Smithsonian Environmental Research Center (SERC) Intern Andrew Sample, fellow Dr. Paul Brewer, and mentor Dr. Patrick Megonigal in the Biogeochemistry Lab have discovered a way to track the influx and outflux of methane in upland forest tree trunks. In the recently published study in New Phytologist, titled “Temperate forest methane sink diminished by tree emissions” the research team describes how they discovered that trees in upland forests do emit methane. Sample and Megonigal fitted tree trunks with static-flux chambers that could measure methane input and output on a regular basis. From these measurements, the team found that the methane emissions of tree trunks reduce the percentage (by about 1 to 6 percent) by which the forest was acting as a sink. Additionally, in some cases the amount of methane emissions even seemed to switch the forest into a net methane source.
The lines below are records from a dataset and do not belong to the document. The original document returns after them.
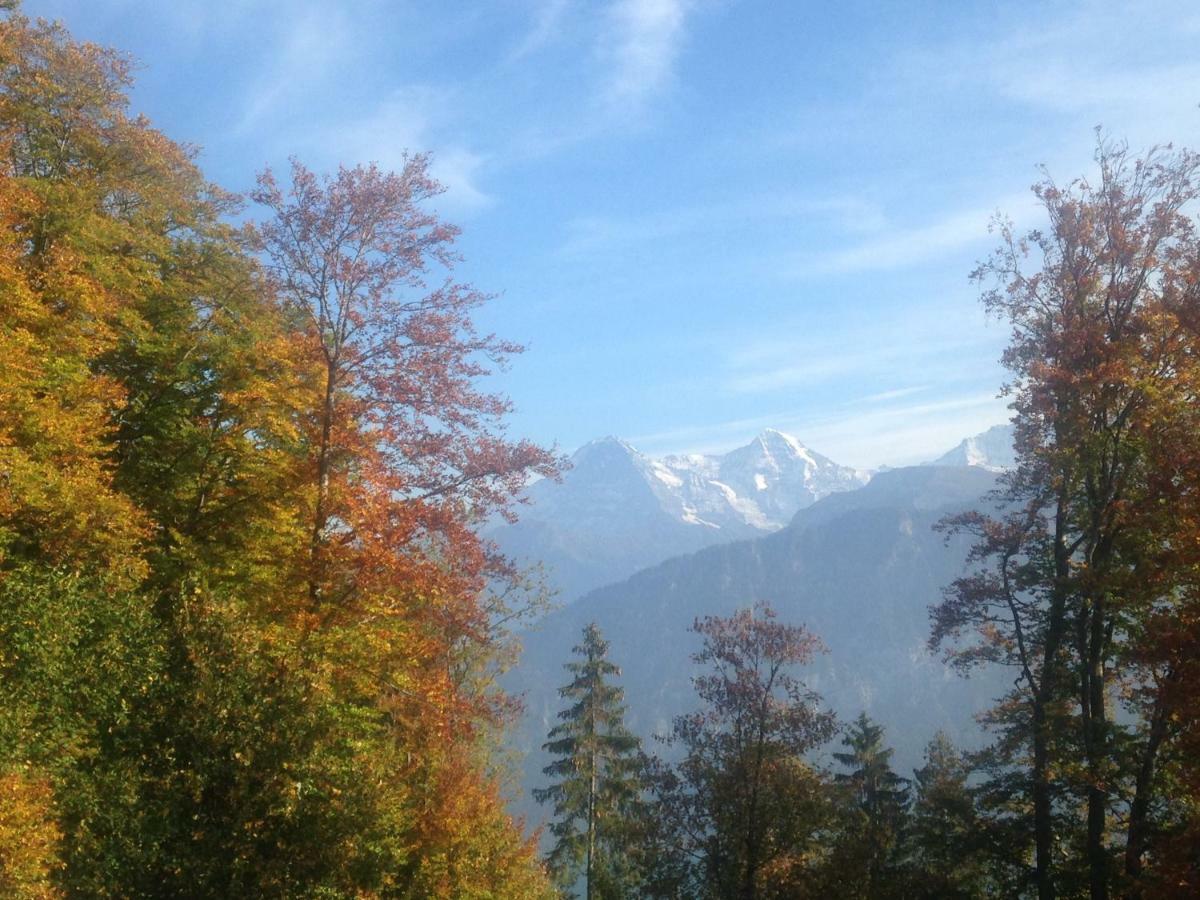 App. Seeblick Top Of Interlaken Beatenberg Exteriör bild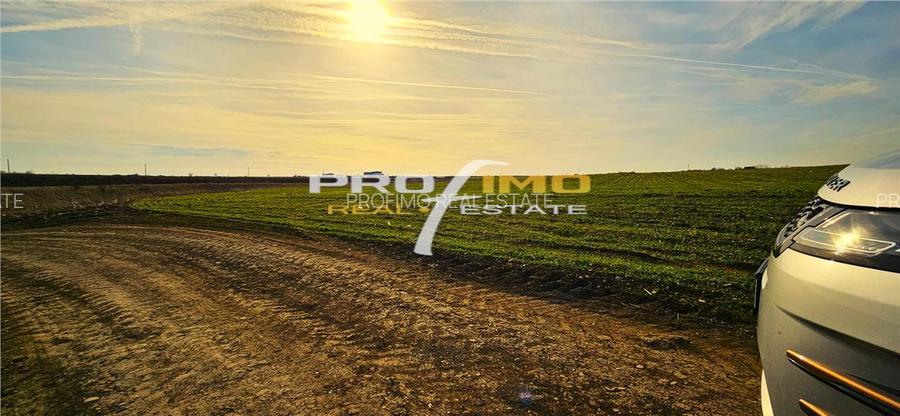 Teren 3823 mp. intravilan - Autostrada - Dedeman Agigea - 3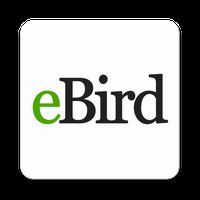 eBird by Cornell Lab apk icon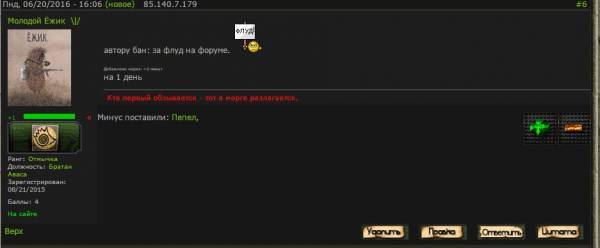 Молодой Ёжик остаётся на день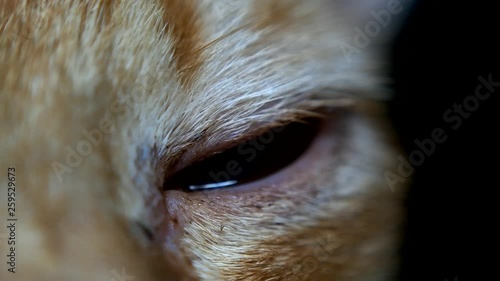 eye part of a cat photo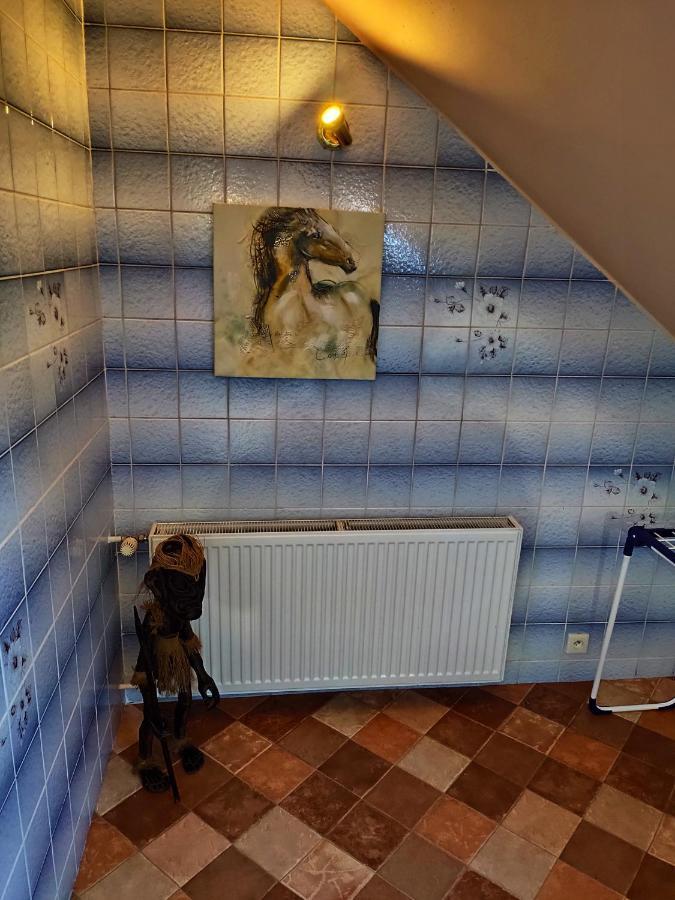 Penzion U Krtka Kraslice Luaran gambar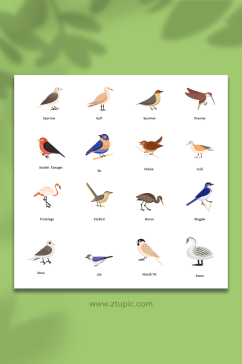 鸟类集合矢量元素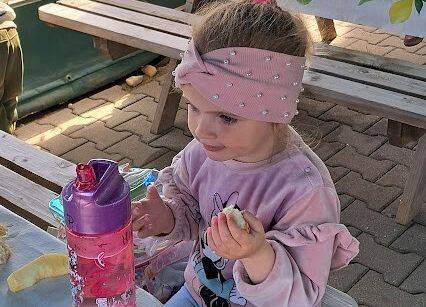 Grafika 31: Wycieczka na Farmę Alexa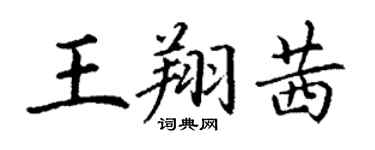 丁谦王翔茜楷书个性签名怎么写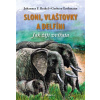Sloni, delfíni a vlaštovky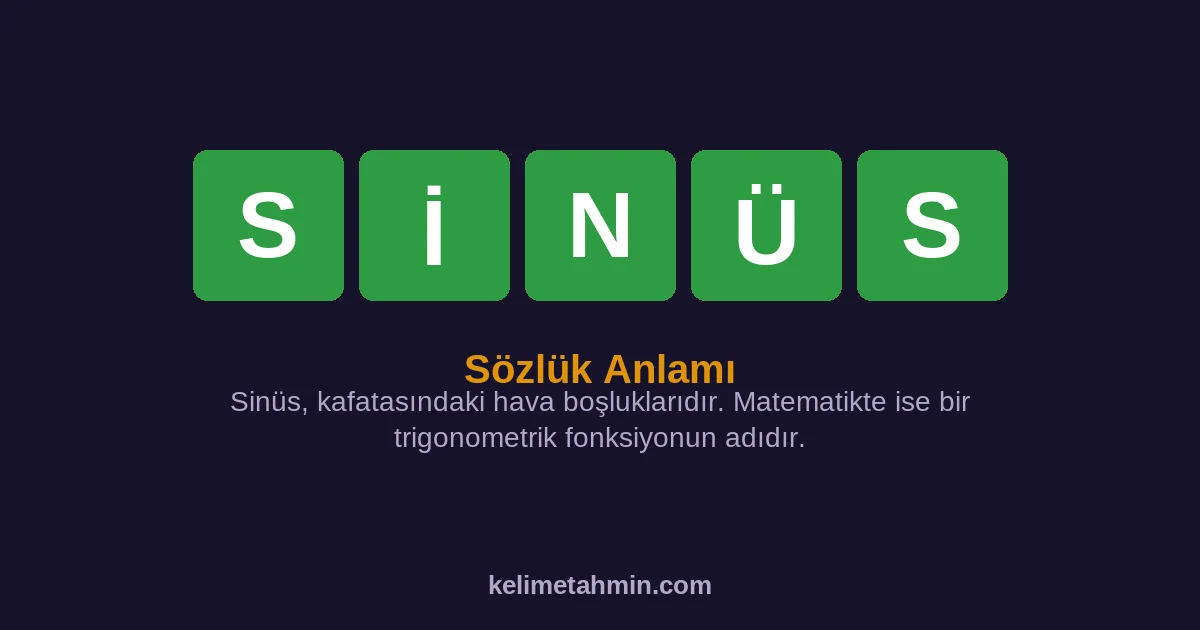 SİNÜS SİNÜS — anlamı ve örnek cümleler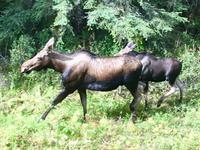 Das tolle Moose Bild &ndash; &copy; Elisabeth Fox-Maerki (Eberhardt TRAVEL)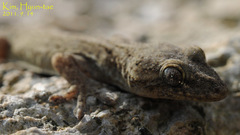 Gekko japonicus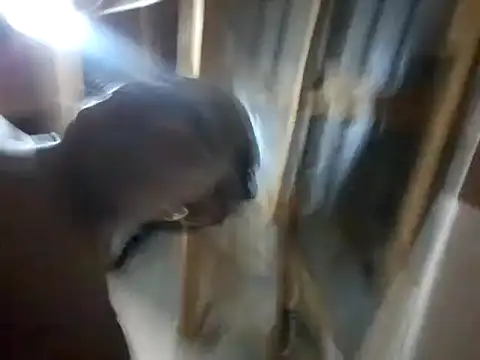 Snapshot of BigAssjuicy26 chatting on 10/27/25, 10:14 BigAssjuicy26 online show from 10/27/25, 10:14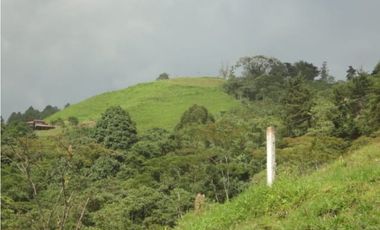 Se Vende Finca Vía Agua Azul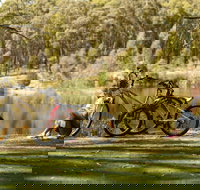 Creswick Regional Park - Taree Accommodation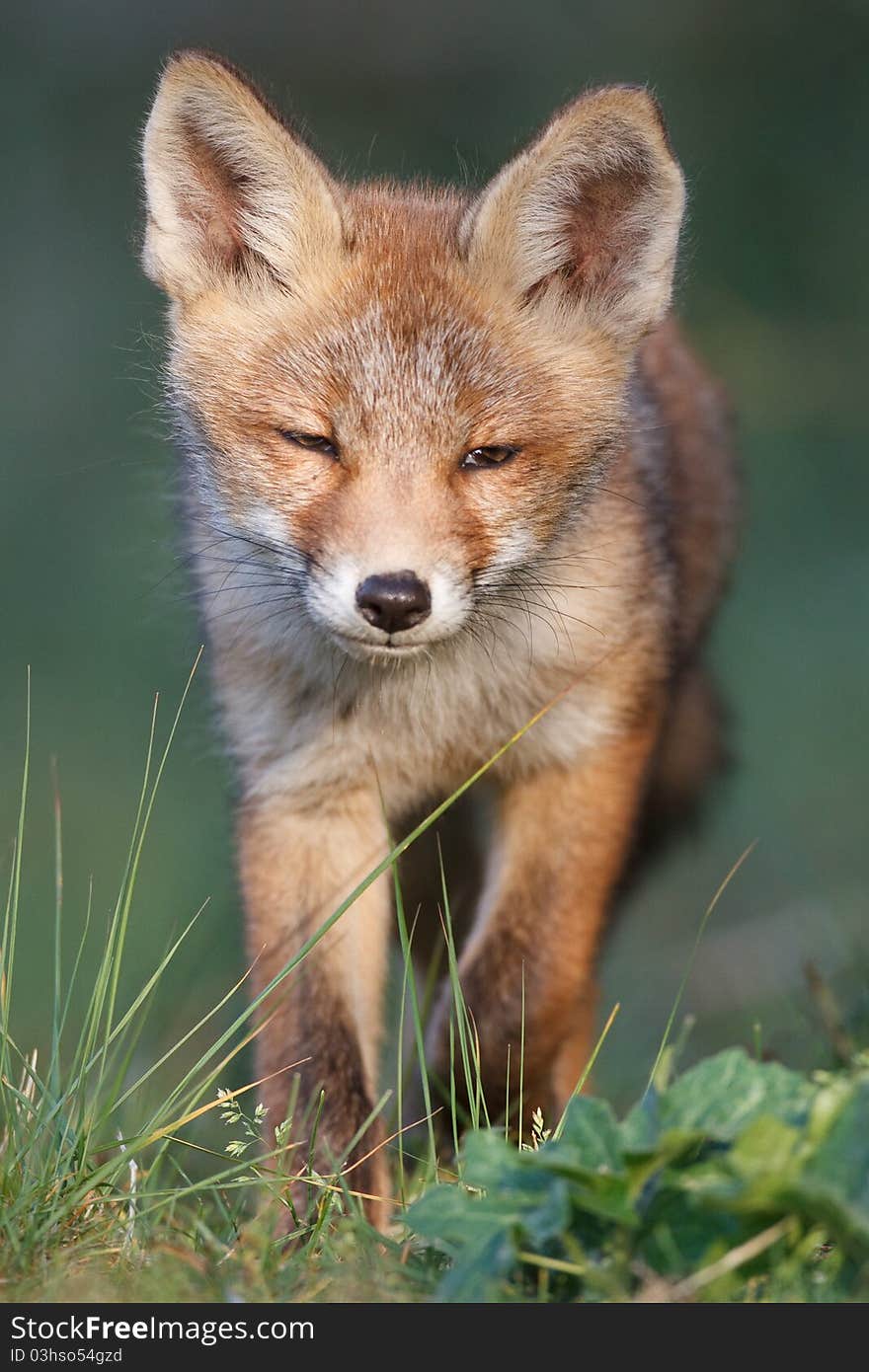 A red fox cub posing in the dunes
Although this is a large discovery, the researchers at SERC still have many questions. Brewer is continuing this research and exploring the impact of the leaves in the canopy of these upland forest trees have on methane emissions; he is also wondering where such a drastic amount of methane could be coming from. Megonigal speculates that microbial activity within the tree trunks or water underground is a potential source of methane emissions. Brewer has been using the same static-flux chambers developed by Sample and Megonigal to discover the answer to this question. As the research team continues their studies of methane emissions from tree trunks, more and more questions arise.